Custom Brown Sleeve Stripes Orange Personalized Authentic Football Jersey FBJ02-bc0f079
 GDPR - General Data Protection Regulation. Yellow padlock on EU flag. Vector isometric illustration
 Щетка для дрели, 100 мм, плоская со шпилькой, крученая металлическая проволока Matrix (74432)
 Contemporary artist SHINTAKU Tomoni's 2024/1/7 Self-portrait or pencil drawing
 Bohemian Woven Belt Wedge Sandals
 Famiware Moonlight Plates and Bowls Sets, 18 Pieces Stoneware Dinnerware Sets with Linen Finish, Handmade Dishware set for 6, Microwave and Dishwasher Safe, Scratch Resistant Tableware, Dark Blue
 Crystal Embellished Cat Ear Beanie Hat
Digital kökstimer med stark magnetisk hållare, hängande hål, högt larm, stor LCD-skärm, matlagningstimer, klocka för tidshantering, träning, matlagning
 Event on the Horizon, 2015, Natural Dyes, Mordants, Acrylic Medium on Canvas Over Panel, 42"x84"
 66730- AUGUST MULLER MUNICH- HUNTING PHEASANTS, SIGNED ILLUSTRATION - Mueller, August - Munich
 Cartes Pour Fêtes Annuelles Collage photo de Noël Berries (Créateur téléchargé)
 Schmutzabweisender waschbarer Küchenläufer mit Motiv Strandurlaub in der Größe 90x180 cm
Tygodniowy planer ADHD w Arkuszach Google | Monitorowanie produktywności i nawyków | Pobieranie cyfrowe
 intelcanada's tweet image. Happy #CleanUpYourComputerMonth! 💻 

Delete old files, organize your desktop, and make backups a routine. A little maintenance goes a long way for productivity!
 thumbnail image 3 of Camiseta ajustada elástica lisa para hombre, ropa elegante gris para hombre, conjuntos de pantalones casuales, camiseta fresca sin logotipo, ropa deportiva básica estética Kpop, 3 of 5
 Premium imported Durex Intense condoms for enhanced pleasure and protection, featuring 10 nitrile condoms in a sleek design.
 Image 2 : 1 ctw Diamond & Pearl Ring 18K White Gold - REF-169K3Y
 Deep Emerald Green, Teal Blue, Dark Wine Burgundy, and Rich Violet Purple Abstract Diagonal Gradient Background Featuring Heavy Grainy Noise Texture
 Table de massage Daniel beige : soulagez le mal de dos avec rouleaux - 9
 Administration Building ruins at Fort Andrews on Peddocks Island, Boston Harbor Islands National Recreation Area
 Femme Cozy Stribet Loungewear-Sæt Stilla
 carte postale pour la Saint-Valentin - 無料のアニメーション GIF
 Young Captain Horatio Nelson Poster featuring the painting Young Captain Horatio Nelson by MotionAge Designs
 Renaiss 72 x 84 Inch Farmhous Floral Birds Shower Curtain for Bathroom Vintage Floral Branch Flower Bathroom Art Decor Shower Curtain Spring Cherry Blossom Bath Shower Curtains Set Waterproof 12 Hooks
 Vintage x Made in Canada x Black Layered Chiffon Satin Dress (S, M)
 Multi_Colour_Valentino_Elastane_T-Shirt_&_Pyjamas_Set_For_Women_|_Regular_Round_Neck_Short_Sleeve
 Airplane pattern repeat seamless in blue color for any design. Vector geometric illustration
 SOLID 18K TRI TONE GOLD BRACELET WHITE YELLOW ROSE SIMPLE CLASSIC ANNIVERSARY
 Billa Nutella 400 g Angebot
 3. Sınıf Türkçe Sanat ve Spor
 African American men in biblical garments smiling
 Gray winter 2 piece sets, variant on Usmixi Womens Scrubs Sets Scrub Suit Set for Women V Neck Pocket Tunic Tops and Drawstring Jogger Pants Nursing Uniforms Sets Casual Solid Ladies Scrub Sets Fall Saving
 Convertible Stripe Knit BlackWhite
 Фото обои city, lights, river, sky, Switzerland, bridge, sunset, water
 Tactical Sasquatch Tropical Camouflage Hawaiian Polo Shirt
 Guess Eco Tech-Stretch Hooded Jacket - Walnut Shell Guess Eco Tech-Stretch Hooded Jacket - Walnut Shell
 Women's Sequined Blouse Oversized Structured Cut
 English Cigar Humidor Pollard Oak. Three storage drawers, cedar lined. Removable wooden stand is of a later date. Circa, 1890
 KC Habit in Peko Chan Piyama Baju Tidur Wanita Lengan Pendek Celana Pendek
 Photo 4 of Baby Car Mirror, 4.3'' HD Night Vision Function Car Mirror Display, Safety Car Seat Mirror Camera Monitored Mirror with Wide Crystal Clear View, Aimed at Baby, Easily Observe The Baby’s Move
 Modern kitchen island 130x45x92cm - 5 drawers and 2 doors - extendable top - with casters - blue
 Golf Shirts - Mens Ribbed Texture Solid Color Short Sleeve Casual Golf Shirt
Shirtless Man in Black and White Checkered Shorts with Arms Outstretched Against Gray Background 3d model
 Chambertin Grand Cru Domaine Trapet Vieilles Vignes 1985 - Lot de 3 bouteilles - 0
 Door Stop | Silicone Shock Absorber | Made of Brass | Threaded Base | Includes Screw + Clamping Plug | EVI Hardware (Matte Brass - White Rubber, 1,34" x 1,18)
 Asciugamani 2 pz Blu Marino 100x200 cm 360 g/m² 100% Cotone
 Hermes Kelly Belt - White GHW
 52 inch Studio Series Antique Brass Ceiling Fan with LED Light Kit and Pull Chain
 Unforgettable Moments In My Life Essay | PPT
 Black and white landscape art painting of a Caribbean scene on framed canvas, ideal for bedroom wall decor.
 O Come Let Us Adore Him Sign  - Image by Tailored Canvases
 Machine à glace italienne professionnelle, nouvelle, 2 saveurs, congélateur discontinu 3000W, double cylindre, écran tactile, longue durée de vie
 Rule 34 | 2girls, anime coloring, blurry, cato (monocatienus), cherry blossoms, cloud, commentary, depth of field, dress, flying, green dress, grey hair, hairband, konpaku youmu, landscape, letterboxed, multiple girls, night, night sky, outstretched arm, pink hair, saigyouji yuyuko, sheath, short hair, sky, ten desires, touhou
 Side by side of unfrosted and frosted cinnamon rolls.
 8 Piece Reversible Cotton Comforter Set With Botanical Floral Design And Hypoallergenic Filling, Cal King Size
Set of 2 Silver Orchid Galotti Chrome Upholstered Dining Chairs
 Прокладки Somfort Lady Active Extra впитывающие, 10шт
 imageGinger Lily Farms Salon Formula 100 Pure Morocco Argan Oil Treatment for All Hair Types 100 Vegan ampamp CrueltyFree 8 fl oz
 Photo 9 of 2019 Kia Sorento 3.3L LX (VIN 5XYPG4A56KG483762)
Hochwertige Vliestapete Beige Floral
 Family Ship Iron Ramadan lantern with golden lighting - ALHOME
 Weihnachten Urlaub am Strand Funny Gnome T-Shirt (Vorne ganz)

==*==

REQUIRED WORK: Exactly as they stand, restate all the lines of the listing.

SOLUTION TO THE PROBLEM:
Custom Brown Sleeve Stripes Orange Personalized Authentic Football Jersey FBJ02-bc0f079
 GDPR - General Data Protection Regulation. Yellow padlock on EU flag. Vector isometric illustration
 Щетка для дрели, 100 мм, плоская со шпилькой, крученая металлическая проволока Matrix (74432)
 Contemporary artist SHINTAKU Tomoni's 2024/1/7 Self-portrait or pencil drawing
 Bohemian Woven Belt Wedge Sandals
 Famiware Moonlight Plates and Bowls Sets, 18 Pieces Stoneware Dinnerware Sets with Linen Finish, Handmade Dishware set for 6, Microwave and Dishwasher Safe, Scratch Resistant Tableware, Dark Blue
 Crystal Embellished Cat Ear Beanie Hat
Digital kökstimer med stark magnetisk hållare, hängande hål, högt larm, stor LCD-skärm, matlagningstimer, klocka för tidshantering, träning, matlagning
 Event on the Horizon, 2015, Natural Dyes, Mordants, Acrylic Medium on Canvas Over Panel, 42"x84"
 66730- AUGUST MULLER MUNICH- HUNTING PHEASANTS, SIGNED ILLUSTRATION - Mueller, August - Munich
 Cartes Pour Fêtes Annuelles Collage photo de Noël Berries (Créateur téléchargé)
 Schmutzabweisender waschbarer Küchenläufer mit Motiv Strandurlaub in der Größe 90x180 cm
Tygodniowy planer ADHD w Arkuszach Google | Monitorowanie produktywności i nawyków | Pobieranie cyfrowe
 intelcanada's tweet image. Happy #CleanUpYourComputerMonth! 💻 

Delete old files, organize your desktop, and make backups a routine. A little maintenance goes a long way for productivity!
 thumbnail image 3 of Camiseta ajustada elástica lisa para hombre, ropa elegante gris para hombre, conjuntos de pantalones casuales, camiseta fresca sin logotipo, ropa deportiva básica estética Kpop, 3 of 5
 Premium imported Durex Intense condoms for enhanced pleasure and protection, featuring 10 nitrile condoms in a sleek design.
 Image 2 : 1 ctw Diamond & Pearl Ring 18K White Gold - REF-169K3Y
 Deep Emerald Green, Teal Blue, Dark Wine Burgundy, and Rich Violet Purple Abstract Diagonal Gradient Background Featuring Heavy Grainy Noise Texture
 Table de massage Daniel beige : soulagez le mal de dos avec rouleaux - 9
 Administration Building ruins at Fort Andrews on Peddocks Island, Boston Harbor Islands National Recreation Area
 Femme Cozy Stribet Loungewear-Sæt Stilla
 carte postale pour la Saint-Valentin - 無料のアニメーション GIF
 Young Captain Horatio Nelson Poster featuring the painting Young Captain Horatio Nelson by MotionAge Designs
 Renaiss 72 x 84 Inch Farmhous Floral Birds Shower Curtain for Bathroom Vintage Floral Branch Flower Bathroom Art Decor Shower Curtain Spring Cherry Blossom Bath Shower Curtains Set Waterproof 12 Hooks
 Vintage x Made in Canada x Black Layered Chiffon Satin Dress (S, M)
 Multi_Colour_Valentino_Elastane_T-Shirt_&_Pyjamas_Set_For_Women_|_Regular_Round_Neck_Short_Sleeve
 Airplane pattern repeat seamless in blue color for any design. Vector geometric illustration
 SOLID 18K TRI TONE GOLD BRACELET WHITE YELLOW ROSE SIMPLE CLASSIC ANNIVERSARY
 Billa Nutella 400 g Angebot
 3. Sınıf Türkçe Sanat ve Spor
 African American men in biblical garments smiling
 Gray winter 2 piece sets, variant on Usmixi Womens Scrubs Sets Scrub Suit Set for Women V Neck Pocket Tunic Tops and Drawstring Jogger Pants Nursing Uniforms Sets Casual Solid Ladies Scrub Sets Fall Saving
 Convertible Stripe Knit BlackWhite
 Фото обои city, lights, river, sky, Switzerland, bridge, sunset, water
 Tactical Sasquatch Tropical Camouflage Hawaiian Polo Shirt
 Guess Eco Tech-Stretch Hooded Jacket - Walnut Shell Guess Eco Tech-Stretch Hooded Jacket - Walnut Shell
 Women's Sequined Blouse Oversized Structured Cut
 English Cigar Humidor Pollard Oak. Three storage drawers, cedar lined. Removable wooden stand is of a later date. Circa, 1890
 KC Habit in Peko Chan Piyama Baju Tidur Wanita Lengan Pendek Celana Pendek
 Photo 4 of Baby Car Mirror, 4.3'' HD Night Vision Function Car Mirror Display, Safety Car Seat Mirror Camera Monitored Mirror with Wide Crystal Clear View, Aimed at Baby, Easily Observe The Baby’s Move
 Modern kitchen island 130x45x92cm - 5 drawers and 2 doors - extendable top - with casters - blue
 Golf Shirts - Mens Ribbed Texture Solid Color Short Sleeve Casual Golf Shirt
Shirtless Man in Black and White Checkered Shorts with Arms Outstretched Against Gray Background 3d model
 Chambertin Grand Cru Domaine Trapet Vieilles Vignes 1985 - Lot de 3 bouteilles - 0
 Door Stop | Silicone Shock Absorber | Made of Brass | Threaded Base | Includes Screw + Clamping Plug | EVI Hardware (Matte Brass - White Rubber, 1,34" x 1,18)
 Asciugamani 2 pz Blu Marino 100x200 cm 360 g/m² 100% Cotone
 Hermes Kelly Belt - White GHW
 52 inch Studio Series Antique Brass Ceiling Fan with LED Light Kit and Pull Chain
 Unforgettable Moments In My Life Essay | PPT
 Black and white landscape art painting of a Caribbean scene on framed canvas, ideal for bedroom wall decor.
 O Come Let Us Adore Him Sign  - Image by Tailored Canvases
 Machine à glace italienne professionnelle, nouvelle, 2 saveurs, congélateur discontinu 3000W, double cylindre, écran tactile, longue durée de vie
 Rule 34 | 2girls, anime coloring, blurry, cato (monocatienus), cherry blossoms, cloud, commentary, depth of field, dress, flying, green dress, grey hair, hairband, konpaku youmu, landscape, letterboxed, multiple girls, night, night sky, outstretched arm, pink hair, saigyouji yuyuko, sheath, short hair, sky, ten desires, touhou
 Side by side of unfrosted and frosted cinnamon rolls.
 8 Piece Reversible Cotton Comforter Set With Botanical Floral Design And Hypoallergenic Filling, Cal King Size
Set of 2 Silver Orchid Galotti Chrome Upholstered Dining Chairs
 Прокладки Somfort Lady Active Extra впитывающие, 10шт
 imageGinger Lily Farms Salon Formula 100 Pure Morocco Argan Oil Treatment for All Hair Types 100 Vegan ampamp CrueltyFree 8 fl oz
 Photo 9 of 2019 Kia Sorento 3.3L LX (VIN 5XYPG4A56KG483762)
Hochwertige Vliestapete Beige Floral
 Family Ship Iron Ramadan lantern with golden lighting - ALHOME
 Weihnachten Urlaub am Strand Funny Gnome T-Shirt (Vorne ganz)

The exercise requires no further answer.